Applications of near-infrared spectroscopy in neurocritical care

Abstract

Significance: Acute brain injuries are commonly encountered in the intensive care unit. Alterations in cerebrovascular physiology triggered by the initial insult can lead to neurological worsening, further brain injury, and poor outcomes. Robust methods for assessing cerebrovascular physiology continuously at the bedside are limited.

Aim: In this review, we aim to assess the potential of near-infrared spectroscopy (NIRS) as a bedside tool to monitor cerebrovascular physiology in critically ill patients with acute brain injury as well as those who are at high risk for developing brain injury.

Approach: We first review basic principles of cerebral blood flow regulation and how these are altered after brain injury. We then discuss the potential role for NIRS in different acute brain injuries. We pay specific attention to the potential for NIRS to (1) identify new brain injuries and clinical worsening, (2) non-invasively measure intracranial pressure (ICP) and cerebral autoregulation, and (3) identify optimal blood pressure (BP) targets that may improve patient outcomes.

Results: A growing body of work supports the use of NIRS in the care of brain injured patients. NIRS is routinely used during cardiac surgeries to identify acute neurologic events, and there is some evidence that treatment algorithms using cerebral oximetry may result in improved outcomes. In acute brain injury, NIRS can be used to measure autoregulation to identify an "optimum" BP where autoregulation status is best preserved. Finally, NIRS has been utilized to identify oximetry thresholds that correlate with poor outcome as well as identify new focal intracranial hemorrhages.

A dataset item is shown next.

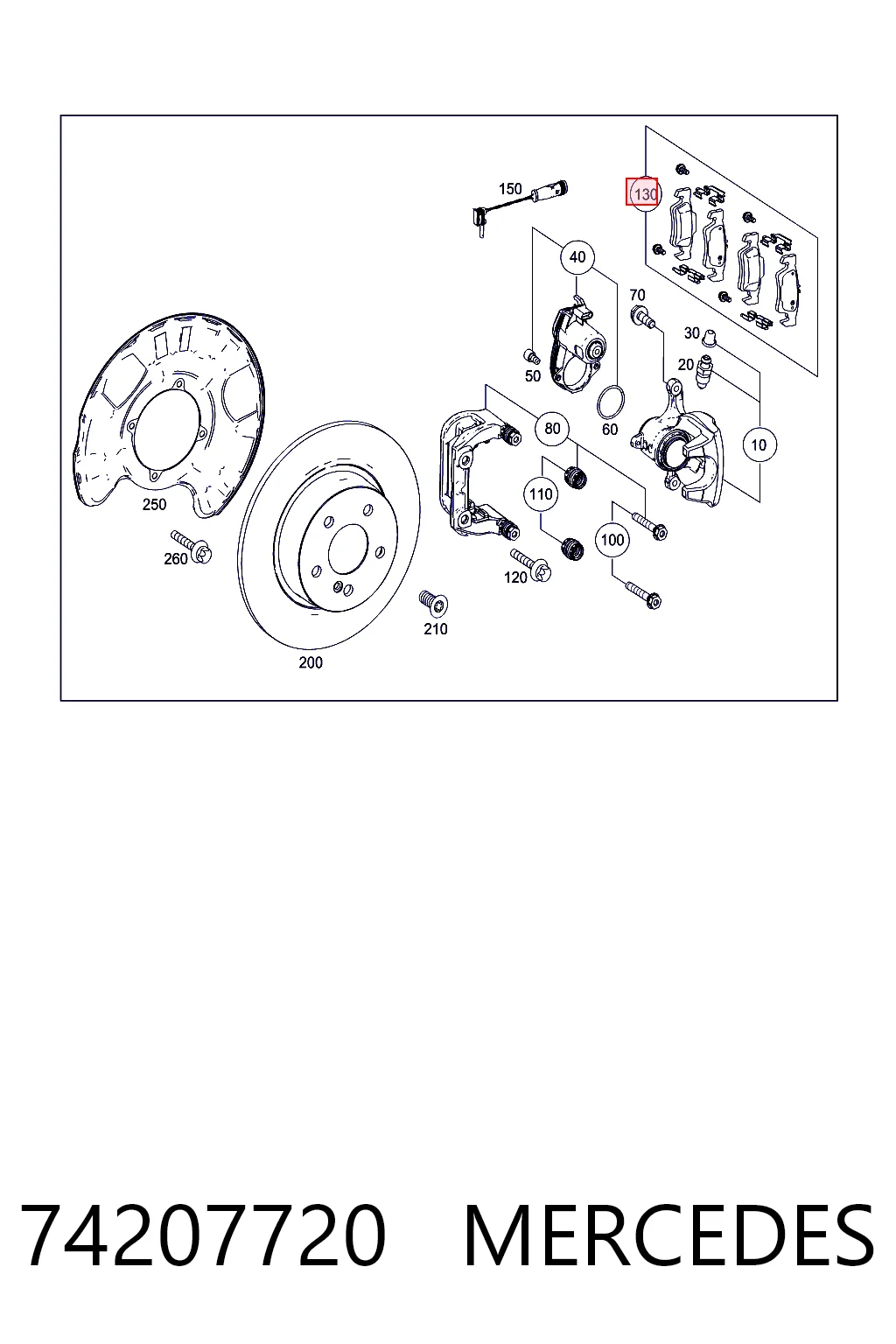 74207720 Mercedes Колодки тормозные дисковые комплект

Conclusions: NIRS is emerging as a tool that can non-invasively measure brain function in critically ill patients. Future work will be aimed at technical refinements to improve diagnostic accuracy, as well as larger scale clinical trials that can establish a definitive impact on patient outcomes.

Keywords: cerebral autoregulation; near-infrared spectroscopy; stroke; traumatic brain injury.

Fig. 1

Major concepts in cerebral autoregulation and vascular reactivity. (a) Graph depicting relationship of CPP to CBF with intact cerebral autoregulation. Within the zone of intact autoregulation (dashed lines), changes in vessel diameter maintain consistent CBF. When CPP drops below the zone of autoregulation, ischemia ensues. Conversely, elevated pressures above the autoregulation zone lead to hyperemia and edema. (b) Optimal MAP (${\mathrm{MAP}}_{\mathrm{opt}}$) is calculated by comparing the cerebral TOI as measured by NIRS across the patient’s range of BP. The autoregulatory curve is superimposed in red, and the gray box denotes the patient’s MAP range that corresponds to those that fall within preserved autoregulation status ($\mathrm{COx}\le 0.3$). ${\mathrm{MAP}}_{\mathrm{opt}}$ corresponds to the nadir of the COx curve. (c) Cerebrovascular reactivity to ${\mathrm{CO}}_2$ is depicted with lower ${\mathrm{paCO}}_2$ causing vasoconstriction.

Fig. 2

Examples of using NIRS derived autoregulation indices to identify ${\mathrm{MAP}}_{\mathrm{opt}}$. (a) Data from a pediatric cardiac arrest patient. Top graph shows the time course of fluctuations in MAP and ${\mathrm{S}}_{\mathrm{t}}{\mathrm{O}}_2$ over a 24-h period. Second from top, temporal fluctuations in COx are shown. Periods of time with poor autoregulation (i.e., $\mathrm{COx}>0.3$) are shaded gray. Second from bottom, method for deriving ${\mathrm{MAP}}_{\mathrm{opt}}$ (MAP where COx is minimized) and both ULA and LLA (BP where COx > 0.3) is shown. Bottom graph shows temporal trends in ${\mathrm{MAP}}_{\mathrm{opt}}$ superimposed on top of the patient’s actual BP. Areas shaded dark gray represent periods of time when actual MAP was significantly below ${\mathrm{MAP}}_{\mathrm{opt}}$ (defined as periods where $\mathrm{MAP}<{\mathrm{MAP}}_{\mathrm{opt}}-5\mathrm{mmHg}$). (b) Similar data from adult patients with non-traumatic subarachnoid hemorrhage. Black trace represents patient’s actual MAP, red trace represents trends in ${\mathrm{MAP}}_{\mathrm{opt}}$ calculated from COx. Shaded red areas represent the range of intact autoregulation. The top curve shows a patient with BP trends where MAP largely stayed within ULA and LLA, whereas bottom curve shows a patient where BP often exceeded the ULA. [(a)- taken from Ref.  and (b)- taken from Ref. 31].